Why I teach
I knew that making a cross-country move at almost 50 years old, with my husband and teenage son, would not be easy, but I knew in my heart it was the right thing to do. It was time for a change. Syracuse University has now become our second home. I teach in both the drama and film departments — teaching on-camera acting, cinema acting and directing, and acting and filmmaking for social change.
This move marks my third cross-country move over an almost three-decade span: Illinois to California, California to Illinois, and now Illinois to New York. Though my surroundings may look different, and my job titles may vary, a grounding factor at each place I’ve lived is helping people learn about the world of on-camera auditioning, self-taping, what it’s like to be on a film set and how to create meaningful work.
I got my degree in acting in 1996 and if you would’ve told me then that I would become an acting teacher and coach, I don’t think I would’ve believed you. I was so bent then on only becoming an actor. While I am an actor, and continue to work in TV/film, I find that I also need to teach — because the personal rewards I get from doing so are integral to my life as an artist.

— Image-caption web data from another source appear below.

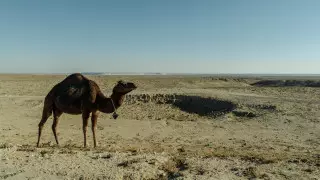 Токаев: Проблему дефицита воды не решить усилиями лишь одной страны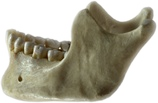 jawbone.png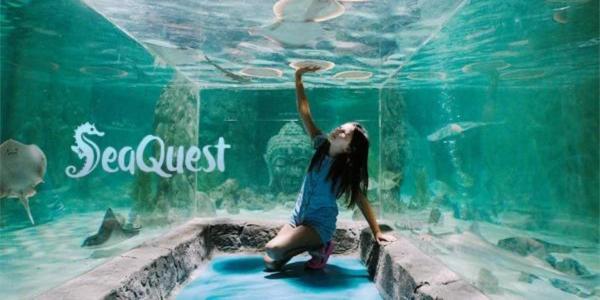 SeaQuest Las Vegas 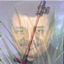 Le Altair Pack logo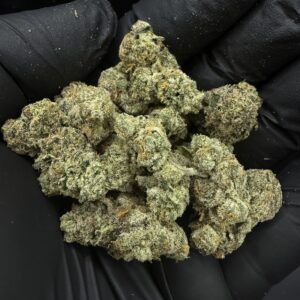 Zapplez [ Popcorn Size ]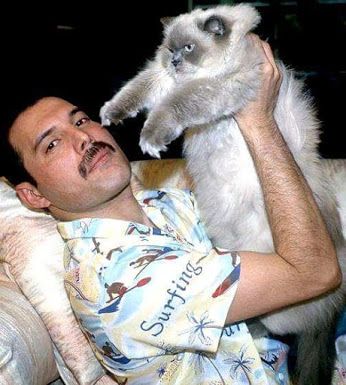 Freddie Mercury y sus gatos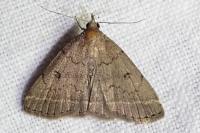 Zanclognatha zelleralis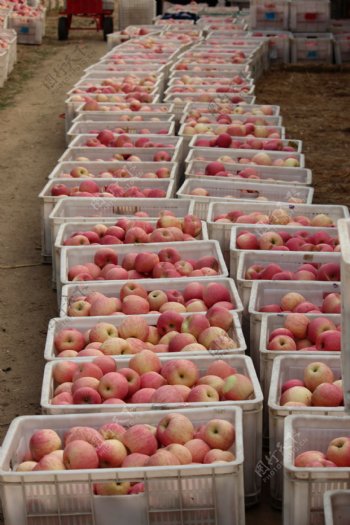 烟台苹果丰收的季节图片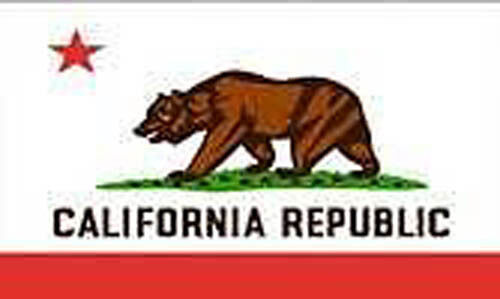 NEW CALIFORNIA STATE FLAGS 3X5 flag banner 3 x 5 gifts - $4.74
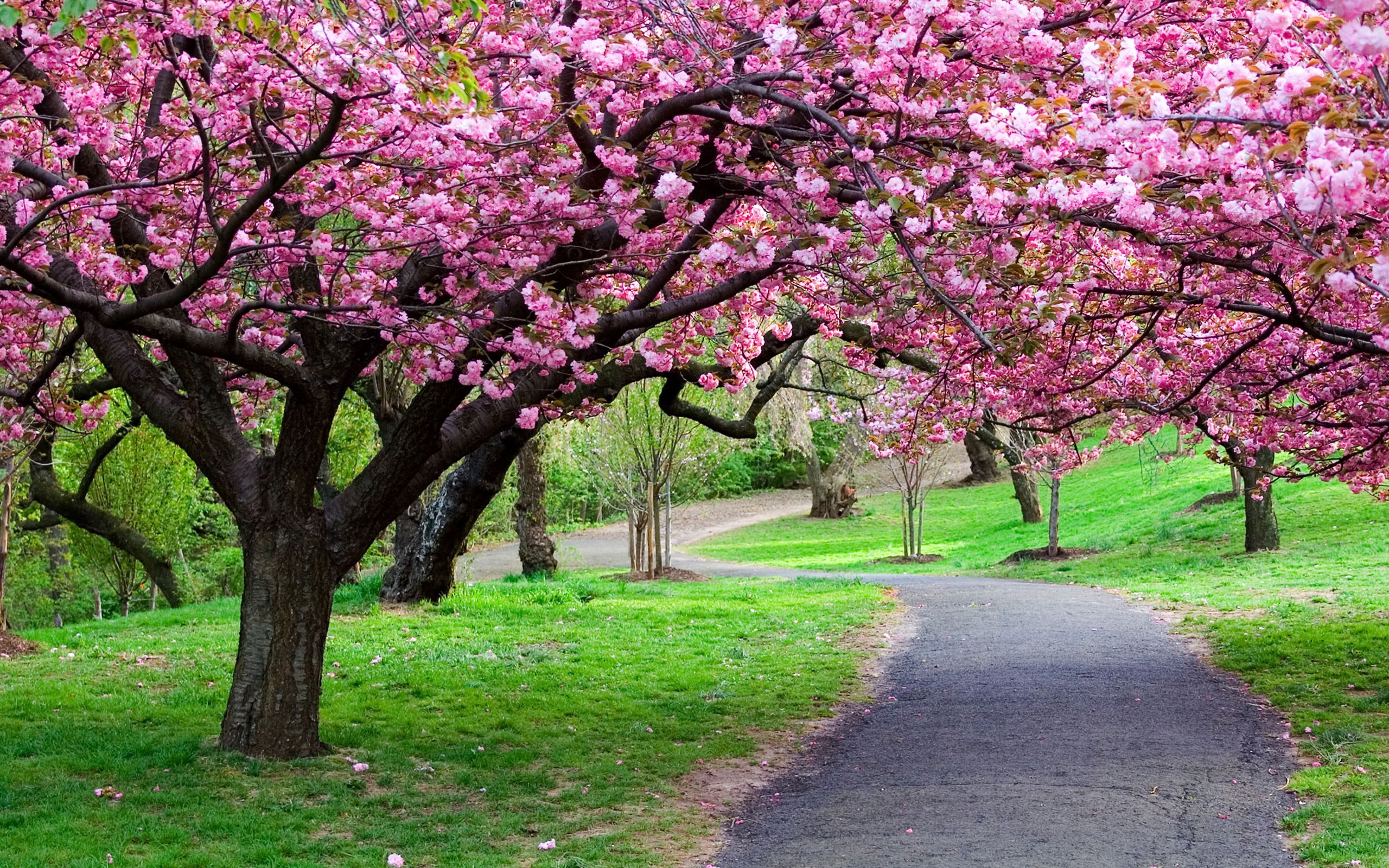 flowers, trees, nature, road, path Full HD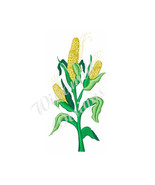 Corn Stalk - machine embroidery design - £2.78 GBP
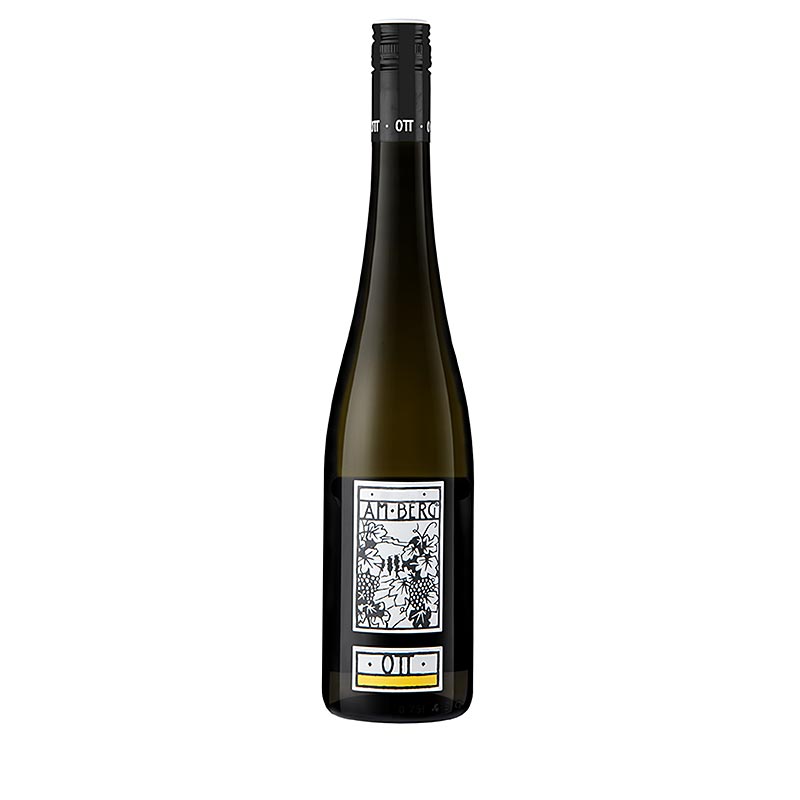 2023 Weingut Bernhard Ott Am Berg Gruner Veltliner 750ml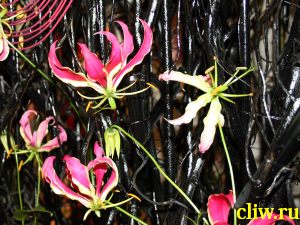 Глориоза  (gloriosa ) лилейные (liliaceae)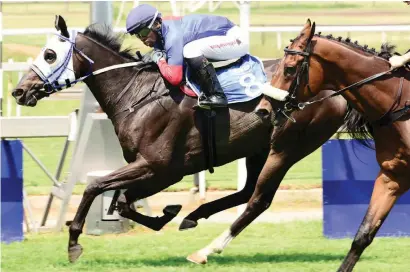  ??  ?? KEY RUNNER. Sean Tarry's charge Lock Him Up has the Vaal form to see him win Race 8 at the course tomorrow. And another Tarry runner, Hawaiian Sun could be the big danger.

I’ve come to realize that teaching the crafts of acting and directing help inform me in my own work. I’m constantly learning from my students. True, I am teaching them, but they are teaching me just as well.
The biggest concept I always come back to in education is that every student is different. Every student has their own way of learning. Much of the work of an actor is to find ways into the world of the script — the acting student must learn to personalize their role, to make the work authentic, to find a way in to the life of the character they are portraying. As a teacher, it’s similar for me. I have to find a way into the student. If my initial approach doesn’t work, I have to try again. And again. And again. It becomes a welcomed challenge.
I liken it to playing darts. If you throw the dart and it doesn’t stick, try again until it does. Similarly, if I’m on set or in a classroom exercise with a student, and they are having trouble with direction or performance, I keep throwing the dart. Maybe I’ll speak to them about what’s just happened in the script, where they are coming from, maybe I’ll help them clarify an objective, maybe I’ll give them a physical task to complete. Whatever they respond to, whatever dart sticks for them in particular is what I want to find and discover with them.
Looks like I’ll be playing darts forever.